Retype the material below exactly, from its first line through the line with "宁波期货配资公司 挑对省心绿植，为你的家居添一份温柔暖意"; the pictures stay out.

== Material provided ==
════════════════════

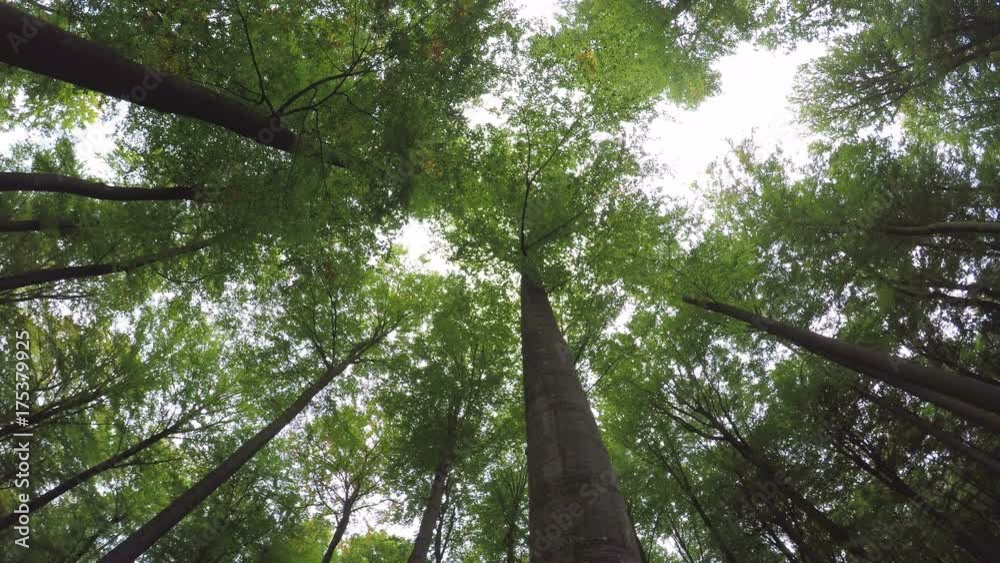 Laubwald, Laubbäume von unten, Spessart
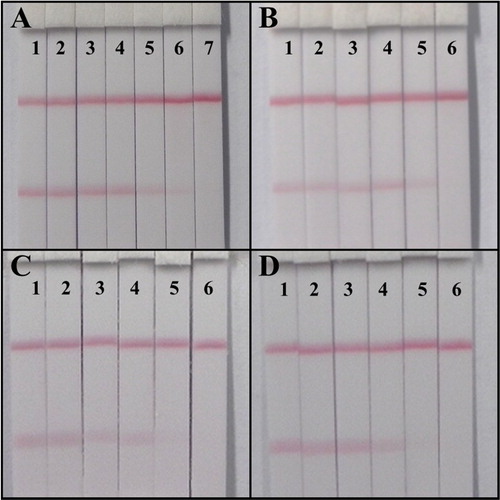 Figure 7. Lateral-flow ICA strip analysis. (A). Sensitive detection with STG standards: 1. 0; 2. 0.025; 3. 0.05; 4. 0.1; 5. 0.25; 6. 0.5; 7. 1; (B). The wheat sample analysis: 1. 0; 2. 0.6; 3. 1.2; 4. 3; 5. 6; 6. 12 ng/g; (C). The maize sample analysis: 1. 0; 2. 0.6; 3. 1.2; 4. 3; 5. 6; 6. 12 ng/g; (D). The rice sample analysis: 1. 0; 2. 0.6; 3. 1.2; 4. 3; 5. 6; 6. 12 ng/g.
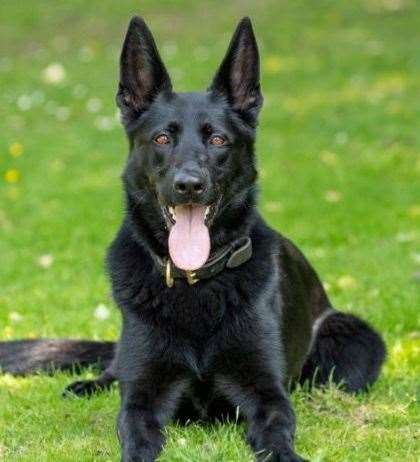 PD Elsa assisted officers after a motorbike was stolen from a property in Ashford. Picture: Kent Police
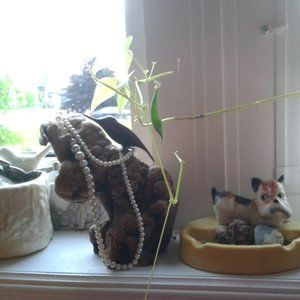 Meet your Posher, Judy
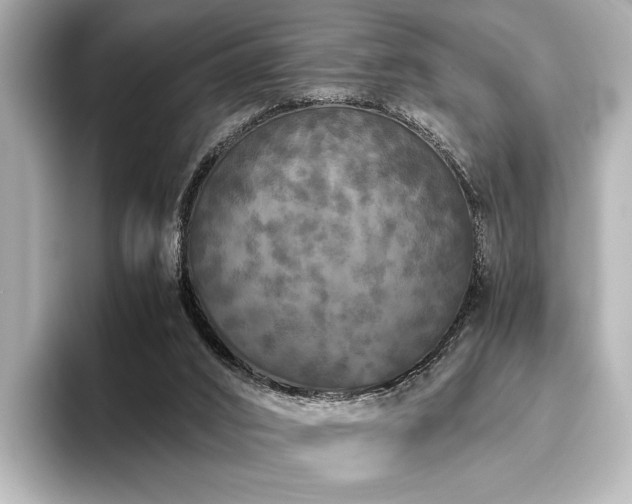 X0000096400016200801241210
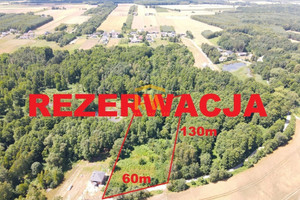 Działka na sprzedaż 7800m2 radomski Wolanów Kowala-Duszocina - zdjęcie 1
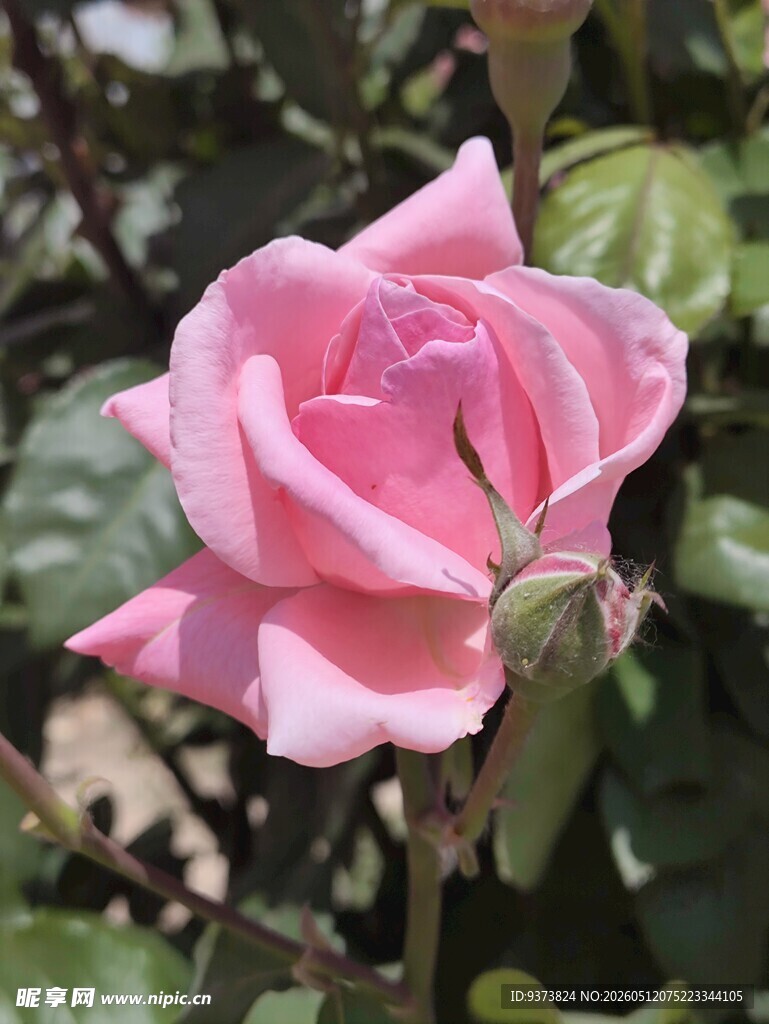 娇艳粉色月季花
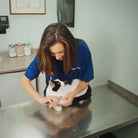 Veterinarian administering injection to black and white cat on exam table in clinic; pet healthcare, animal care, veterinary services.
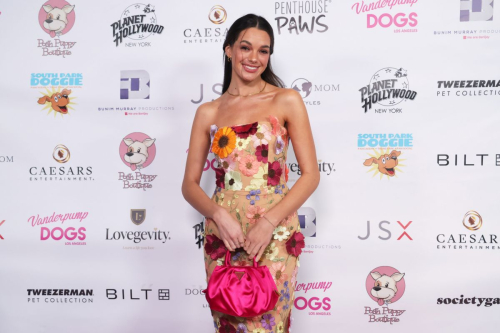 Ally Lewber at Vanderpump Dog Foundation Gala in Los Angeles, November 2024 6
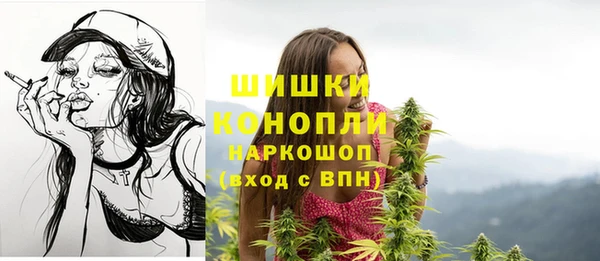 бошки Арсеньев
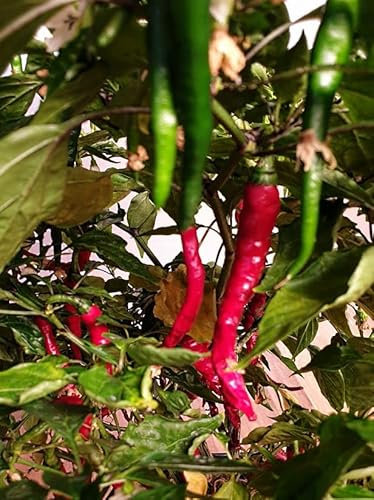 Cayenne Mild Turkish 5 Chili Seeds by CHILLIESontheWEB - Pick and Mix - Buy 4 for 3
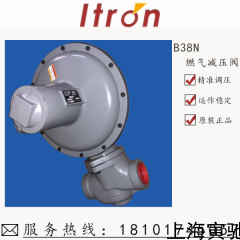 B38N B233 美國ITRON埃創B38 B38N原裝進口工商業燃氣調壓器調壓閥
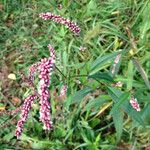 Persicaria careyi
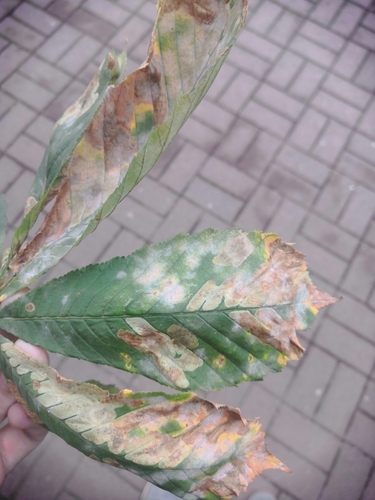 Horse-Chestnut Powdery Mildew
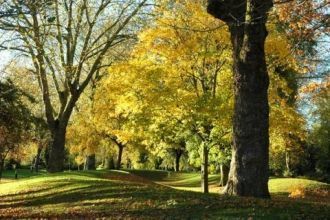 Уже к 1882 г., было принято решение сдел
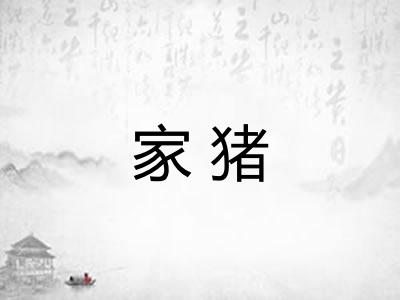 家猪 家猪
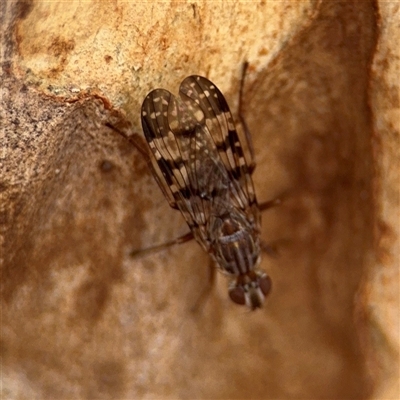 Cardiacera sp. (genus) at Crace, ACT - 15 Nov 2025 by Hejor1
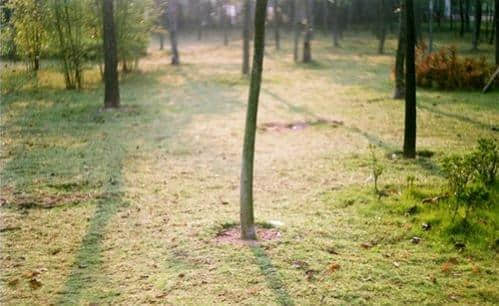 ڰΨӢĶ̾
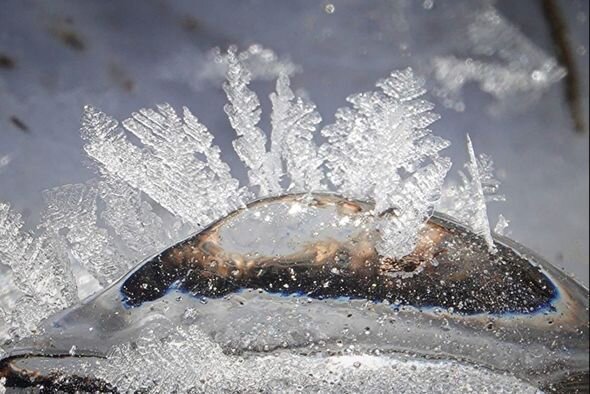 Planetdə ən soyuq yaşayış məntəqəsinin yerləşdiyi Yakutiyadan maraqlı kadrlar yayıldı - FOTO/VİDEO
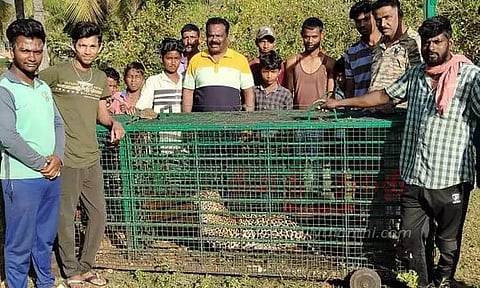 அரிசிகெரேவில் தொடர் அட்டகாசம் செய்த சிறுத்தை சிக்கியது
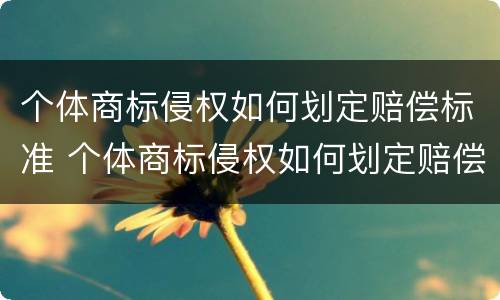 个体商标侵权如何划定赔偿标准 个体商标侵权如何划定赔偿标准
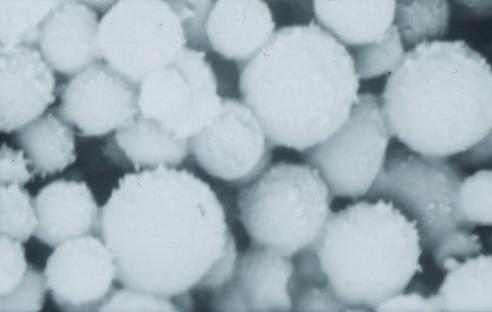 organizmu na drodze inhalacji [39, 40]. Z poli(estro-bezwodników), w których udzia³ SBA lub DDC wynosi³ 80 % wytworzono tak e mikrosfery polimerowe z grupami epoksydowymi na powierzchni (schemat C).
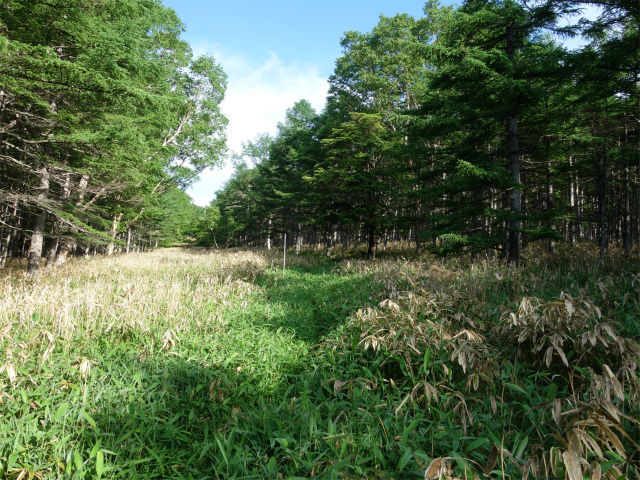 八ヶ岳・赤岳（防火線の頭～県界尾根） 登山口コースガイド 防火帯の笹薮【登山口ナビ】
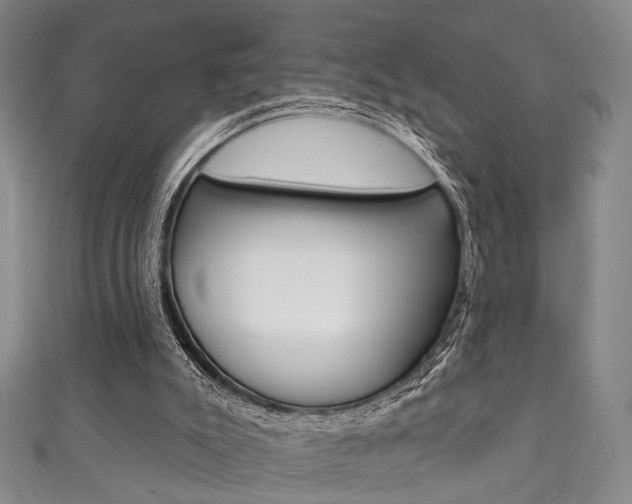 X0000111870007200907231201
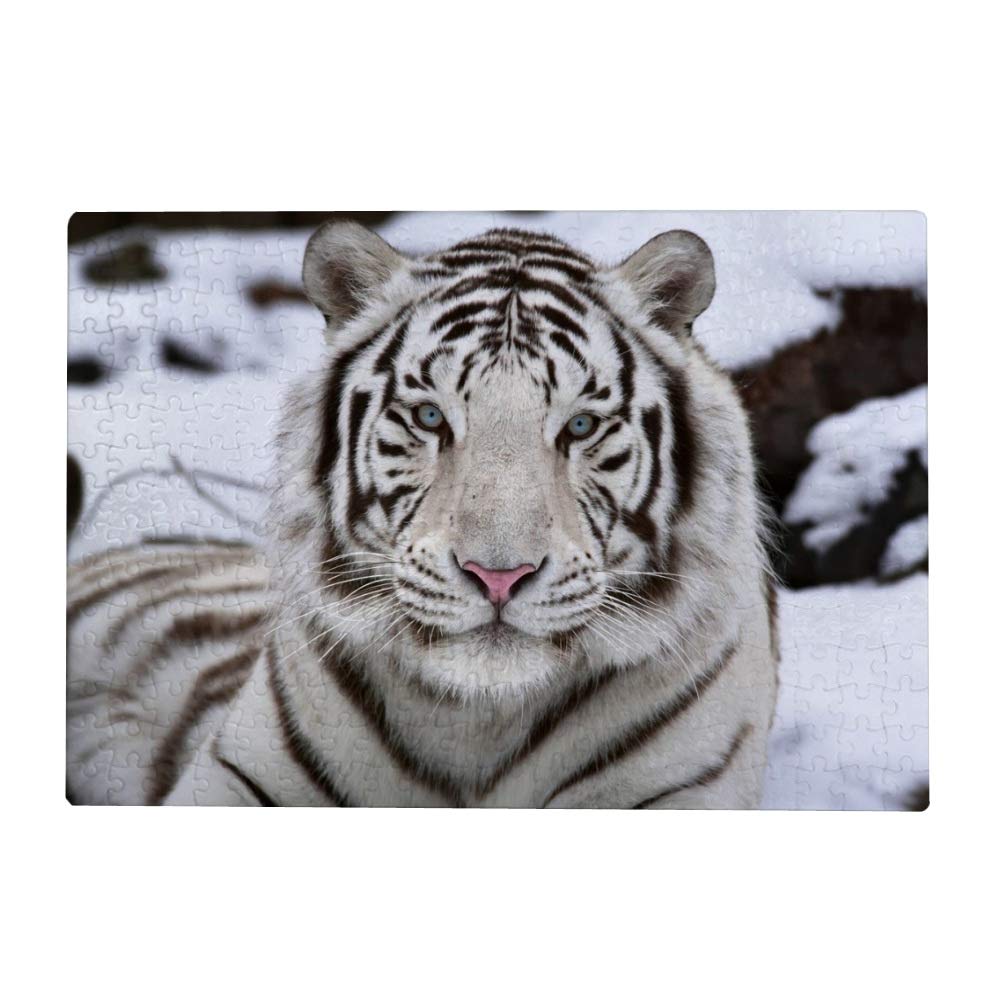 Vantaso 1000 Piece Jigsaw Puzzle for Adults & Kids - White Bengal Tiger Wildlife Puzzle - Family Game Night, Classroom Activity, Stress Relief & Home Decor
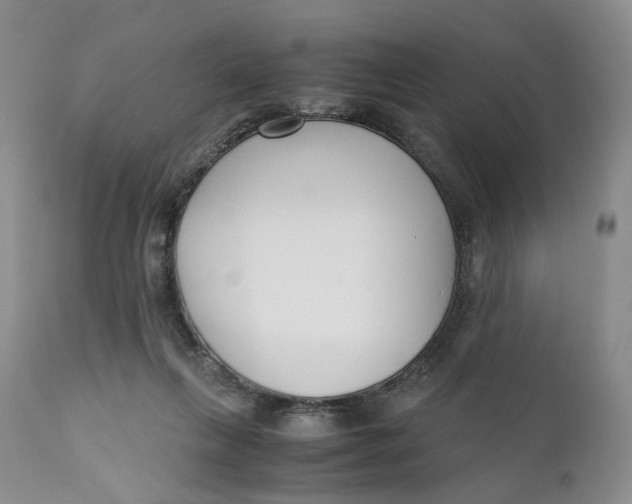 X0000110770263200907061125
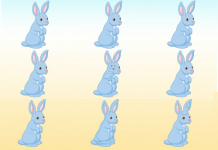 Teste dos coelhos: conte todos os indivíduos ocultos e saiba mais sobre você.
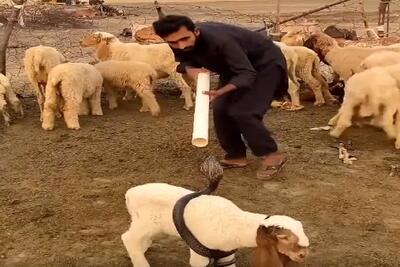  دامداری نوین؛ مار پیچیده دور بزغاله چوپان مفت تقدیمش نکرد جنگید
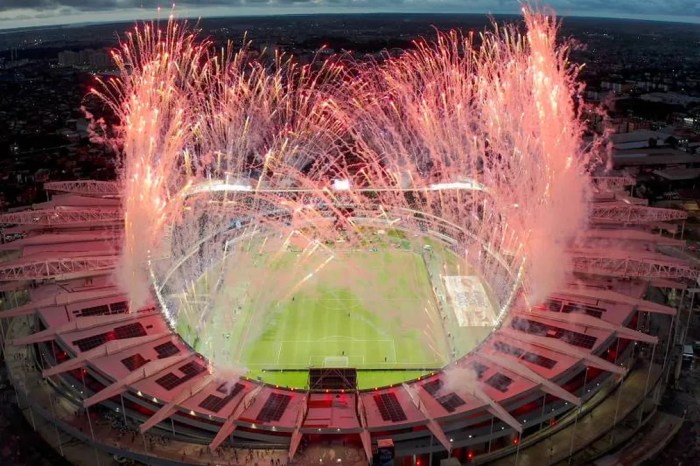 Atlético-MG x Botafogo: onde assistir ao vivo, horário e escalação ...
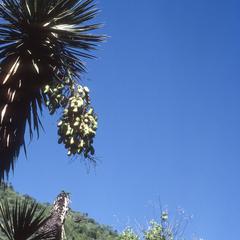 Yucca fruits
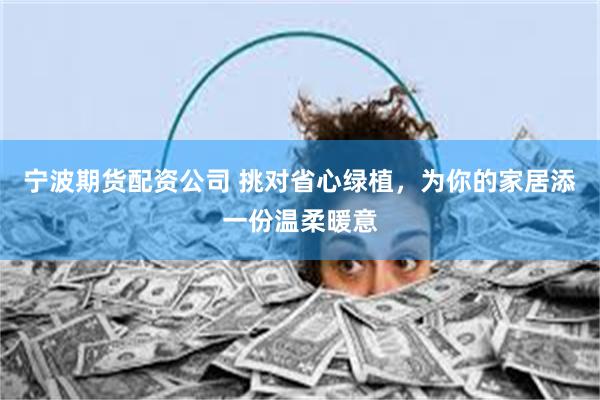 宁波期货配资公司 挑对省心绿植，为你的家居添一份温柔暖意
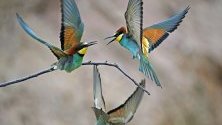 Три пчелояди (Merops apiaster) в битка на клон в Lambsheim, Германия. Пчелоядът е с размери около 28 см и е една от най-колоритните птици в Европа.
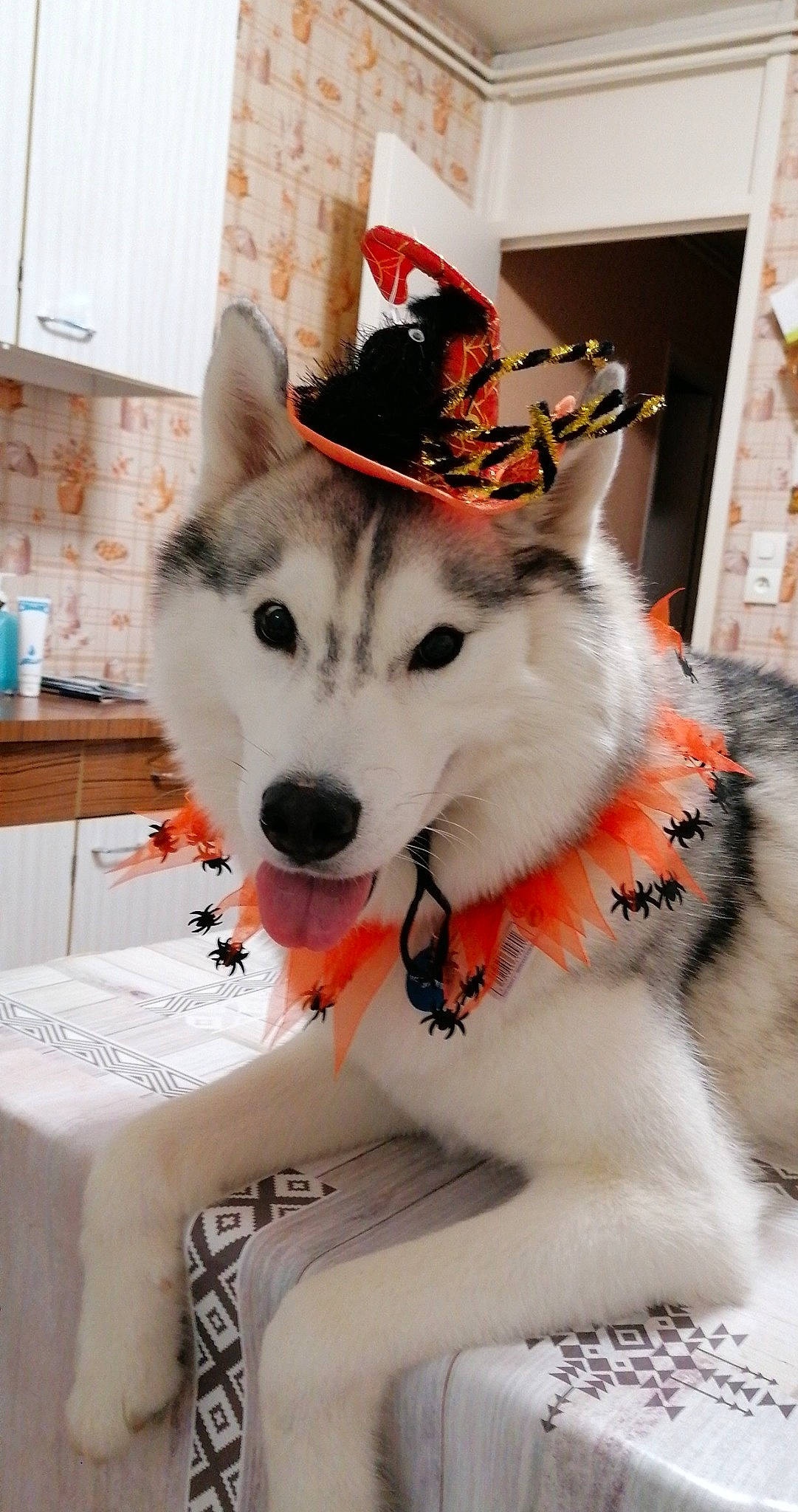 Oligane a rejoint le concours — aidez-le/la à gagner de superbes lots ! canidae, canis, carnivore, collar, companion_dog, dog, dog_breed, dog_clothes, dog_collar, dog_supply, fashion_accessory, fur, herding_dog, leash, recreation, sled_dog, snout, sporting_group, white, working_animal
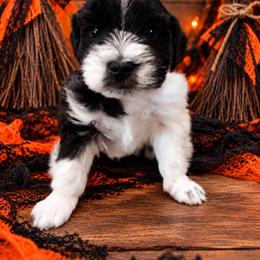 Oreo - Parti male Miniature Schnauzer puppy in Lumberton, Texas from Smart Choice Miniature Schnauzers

════════════════════

== Answer section ==
 Laubwald, Laubbäume von unten, Spessart
 Figure 7. Lateral-flow ICA strip analysis. (A). Sensitive detection with STG standards: 1. 0; 2. 0.025; 3. 0.05; 4. 0.1; 5. 0.25; 6. 0.5; 7. 1; (B). The wheat sample analysis: 1. 0; 2. 0.6; 3. 1.2; 4. 3; 5. 6; 6. 12 ng/g; (C). The maize sample analysis: 1. 0; 2. 0.6; 3. 1.2; 4. 3; 5. 6; 6. 12 ng/g; (D). The rice sample analysis: 1. 0; 2. 0.6; 3. 1.2; 4. 3; 5. 6; 6. 12 ng/g.
 PD Elsa assisted officers after a motorbike was stolen from a property in Ashford. Picture: Kent Police
 Meet your Posher, Judy
 X0000096400016200801241210
 Działka na sprzedaż 7800m2 radomski Wolanów Kowala-Duszocina - zdjęcie 1
 娇艳粉色月季花
 Veterinarian administering injection to black and white cat on exam table in clinic; pet healthcare, animal care, veterinary services.
 Ally Lewber at Vanderpump Dog Foundation Gala in Los Angeles, November 2024 6
 бошки Арсеньев
 Cayenne Mild Turkish 5 Chili Seeds by CHILLIESontheWEB - Pick and Mix - Buy 4 for 3
 B38N B233 美國ITRON埃創B38 B38N原裝進口工商業燃氣調壓器調壓閥
 Persicaria careyi
 Horse-Chestnut Powdery Mildew
 Уже к 1882 г., было принято решение сдел
 家猪 家猪
 Cardiacera sp. (genus) at Crace, ACT - 15 Nov 2025 by Hejor1
 ڰΨӢĶ̾
 Planetdə ən soyuq yaşayış məntəqəsinin yerləşdiyi Yakutiyadan maraqlı kadrlar yayıldı - FOTO/VİDEO
 அரிசிகெரேவில் தொடர் அட்டகாசம் செய்த சிறுத்தை சிக்கியது
 个体商标侵权如何划定赔偿标准 个体商标侵权如何划定赔偿标准
 organizmu na drodze inhalacji [39, 40]. Z poli(estro-bezwodników), w których udzia³ SBA lub DDC wynosi³ 80 % wytworzono tak e mikrosfery polimerowe z grupami epoksydowymi na powierzchni (schemat C).
 八ヶ岳・赤岳（防火線の頭～県界尾根） 登山口コースガイド 防火帯の笹薮【登山口ナビ】
 X0000111870007200907231201
 Vantaso 1000 Piece Jigsaw Puzzle for Adults & Kids - White Bengal Tiger Wildlife Puzzle - Family Game Night, Classroom Activity, Stress Relief & Home Decor
 X0000110770263200907061125
 Teste dos coelhos: conte todos os indivíduos ocultos e saiba mais sobre você.
  دامداری نوین؛ مار پیچیده دور بزغاله چوپان مفت تقدیمش نکرد جنگید
 Atlético-MG x Botafogo: onde assistir ao vivo, horário e escalação ...
 Yucca fruits
 宁波期货配资公司 挑对省心绿植，为你的家居添一份温柔暖意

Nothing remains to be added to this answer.